Kilas Balik Tragedi Tanjung Priok 12 September 1984

2 days ago 2

KOMPAS.com - Sebuah peristiwa berdarah terjadi di Tanjung Priok, Jakarta Utara 41 tahun silam. 

Peristiwa pada 12 September 1984 itu melibatkan militer bersenjata melawan rakyat biasa dan menjadi pelanggaran hak asasi manusia (HAM) pada masa pemerintahan Soeharto (Orde Baru).

Dikutip dari Kompas.com (29/6/2025), tragedi Tanjung Priok kala itu disebut menewaskan 24 orang dan 55 korban lainnya mengalami luka-luka.

Sementara, menurut investigasi Solidaritas Nasional atas peristiwa Tanjung Priok (Sontak), jumlah korban tewas mencapai 400 orang.

Selain itu, 160 orang yang dicurigai berkaitan dengan peristiwa tersebut ditangkap oleh militer tanpa prosedur jelas dan surat perintah dari atasan.

Lantas, bagaimana kisahnya?

Baca juga: Indonesia Sebenarnya Tak Dijajah Belanda Selama 350 Tahun? Ini Kata Sejarawan

Latar belakang tragedi Tanjung Priok

Tanjung Priok yang berada di wilayah Jakarta Utara merupakan salah satu sektor perekonomian paling penting di Indonesia.

Hal itu membuat wilayah tersebut memiliki demografi penduduk yang cukup padat. Sebab, sebagian besar warganya juga bekerja di pelabuhan Tanjung Priok.

Dilansir dari Kompaspedia (13/9/2021), kebanyakan warga yang tinggal di Kecamatan Koja merupakan pendatang dari berbagai macam etnis.

Kebanyakan dari mereka bekerja di Pelabuhan Tanjung Priok sebagai pedagang kecil, penarik becak, atau berbagai pekerjaan kasar lainnya.

Memasuki 1980-an, perekonomian Indonesia dihantam krisis akibat anjloknya harga minyak dunia, membuat aktivitas di Tanjung Priok ikut terganggu.

Pemerintah pun kemudian menaikkan harga Bahan Bakar Minyak (BBM) pada tahun 1982. Ketika itu, rata-rata harga BBM di Indonesia naik 60 persen dari harga semula.

Tingkat inflasi Indonesia juga semakin meningkat sejak saat itu. Pada tahun 1982 inflasi Indonesia hanya 9,06 persen, namun pada tahun 1984 naik menjadi 15,35 persen.

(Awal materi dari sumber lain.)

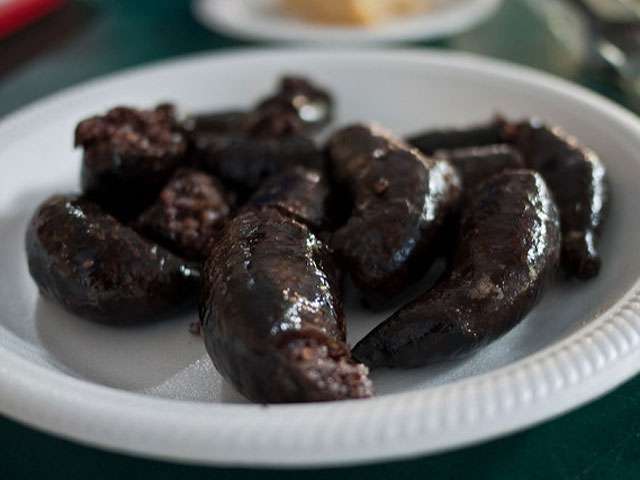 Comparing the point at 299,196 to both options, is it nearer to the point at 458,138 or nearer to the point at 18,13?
the point at 458,138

Sementara itu angka pemutusan hubungan kerja mengalami peningkatan tiga kali lipat dari 15.000 (1983) menjadi 45.000 (1984).

Hal itu mengakibatkan beban hidup masyarakat semakin berat. Banyak orang kemudian mengkritik pemerintahan Orde Baru dalam ceramah-ceramah di masjid.

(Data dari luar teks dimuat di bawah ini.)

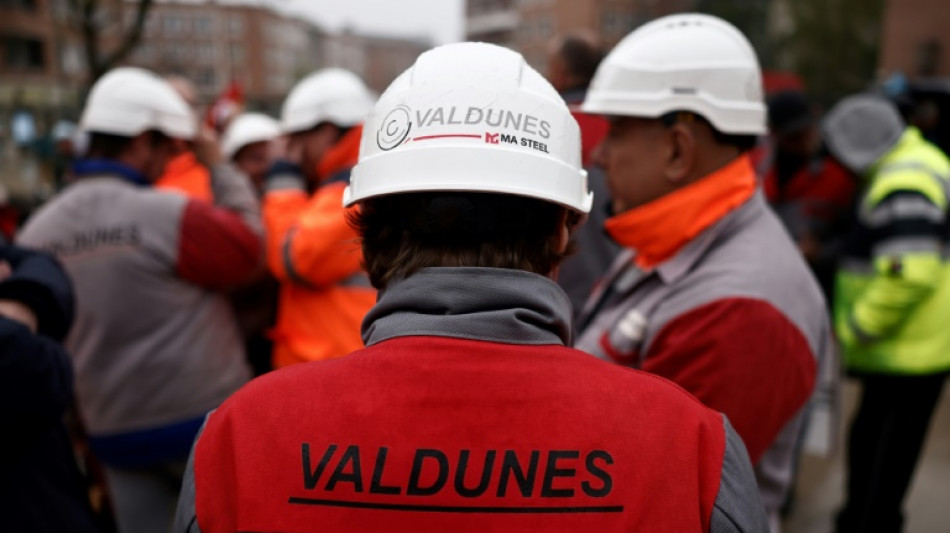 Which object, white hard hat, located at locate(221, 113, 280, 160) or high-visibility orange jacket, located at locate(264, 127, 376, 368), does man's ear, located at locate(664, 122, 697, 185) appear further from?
white hard hat, located at locate(221, 113, 280, 160)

Baca juga: 21 Tahun Kematian Munir, Ini Deretan Kasus HAM yang Pernah Diperjuangkan

Awal mula peristiwa Tanjung Priok

Tidak hanya terhadap pemerintah dalam mengatur perekonomian, kritik juga dilakukan pada kebijakan asas tunggal yang membuat kelompok-kelompok Islam semakin tersingkirkan.

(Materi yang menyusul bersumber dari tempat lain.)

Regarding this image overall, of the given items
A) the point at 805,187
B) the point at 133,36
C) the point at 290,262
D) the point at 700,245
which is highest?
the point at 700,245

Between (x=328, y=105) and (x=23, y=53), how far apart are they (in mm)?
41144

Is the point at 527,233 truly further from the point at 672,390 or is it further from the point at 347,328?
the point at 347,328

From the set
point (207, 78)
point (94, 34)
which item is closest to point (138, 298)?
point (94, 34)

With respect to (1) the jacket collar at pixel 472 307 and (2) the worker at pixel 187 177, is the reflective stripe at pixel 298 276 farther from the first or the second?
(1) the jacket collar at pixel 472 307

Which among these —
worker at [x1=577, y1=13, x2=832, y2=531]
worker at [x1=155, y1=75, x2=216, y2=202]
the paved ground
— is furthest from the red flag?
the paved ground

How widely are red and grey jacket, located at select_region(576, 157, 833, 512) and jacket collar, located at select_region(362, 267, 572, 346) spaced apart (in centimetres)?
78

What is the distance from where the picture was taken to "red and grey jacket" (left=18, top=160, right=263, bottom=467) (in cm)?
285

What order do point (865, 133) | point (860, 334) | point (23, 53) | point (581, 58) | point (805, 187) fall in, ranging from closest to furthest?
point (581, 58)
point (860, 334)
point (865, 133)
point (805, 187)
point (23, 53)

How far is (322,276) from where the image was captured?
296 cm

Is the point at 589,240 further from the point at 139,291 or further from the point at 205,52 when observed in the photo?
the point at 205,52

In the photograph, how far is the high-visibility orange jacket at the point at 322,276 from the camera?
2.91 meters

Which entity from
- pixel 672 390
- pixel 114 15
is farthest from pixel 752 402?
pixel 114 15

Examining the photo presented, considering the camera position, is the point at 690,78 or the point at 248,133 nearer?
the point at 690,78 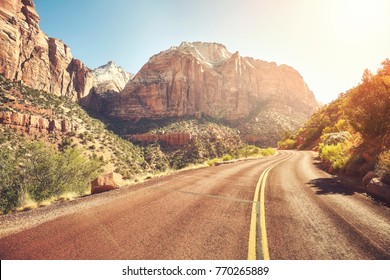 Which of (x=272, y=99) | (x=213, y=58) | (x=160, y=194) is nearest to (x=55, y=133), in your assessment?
(x=160, y=194)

Selain dalam bentuk ceramah di masjid, masyarakat juga mengkritik dengan cara menempelkan pamflet-pamflet di masjid. Salah satunya adalah pamflet yang ditempel di Mushala Assa’addah, Koja, Tanjung Priok.

Pemasangan pamflet tersebut mengundang reaksi aparat keamanan karena isinya yang mengkritik kebijakan pemerintah.

Pada 7 September 1984, seorang anggota Babinsa Koja Sersan Satu (Sertu) Hermanu mendatangi mushala yang dindingnya tertempel pamflet-pamflet.